La sociología de la delincuencia encontró en la clase social un robusto e indiscutible apoyo sobre el que
sustentarse para explicar los comportamientos desviados. Las bases teóricas fundamentales se cimentaron
sobre un puñado de teorías que tuvieron su origen en los años cincuenta del pasado siglo y que se extendieron
básicamente durante los treinta años siguientes. Pero esta claridad teórica no acabó de encontrar una apoyatura
práctica. Cuando se empezaran a poner en tela de juicio los datos de las estadísticas oficiales procedentes de
la policía y de los tribunales y en su lugar se echó mano de los auto-informes, los investigadores se dieron de
bruces con una realidad insospechada: la extensa delincuencia de cuello blanco no registrada.
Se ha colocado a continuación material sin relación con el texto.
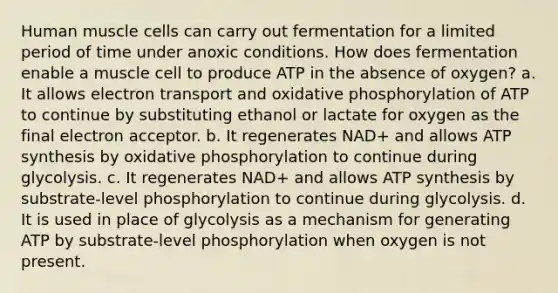 Human muscle cells can carry out fermentation for a limited period of time under anoxic conditions. How does fermentation enable a muscle cell to produce ATP in the absence of oxygen? a. It allows electron transport and oxidative phosphorylation of ATP to continue by substituting ethanol or lactate for oxygen as the final electron acceptor. b. It regenerates NAD+ and allows ATP synthesis by oxidative phosphorylation to continue during glycolysis. c. It regenerates NAD+ and allows ATP synthesis by substrate-level phosphorylation to continue during glycolysis. d. It is used in place of glycolysis as a mechanism for generating ATP by substrate-level phosphorylation when oxygen is not present.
Ello indujo a
pensar que la relación entre clase social y delincuencia era en realidad un mito sostenido sobre los prejuicios
de considerar a una clase social como más peligrosa, detenerla más, juzgarla más y condenarla más. Surgió
entonces una prolongada controversia fundamentada sobre dos postulados inamovibles: “no importa cómo se
mire la clase social, ya que no incide sobre la delincuencia” frente a “la clase social correlaciona negativamente
con la delincuencia; según se baja en la escala aumentan los delitos”.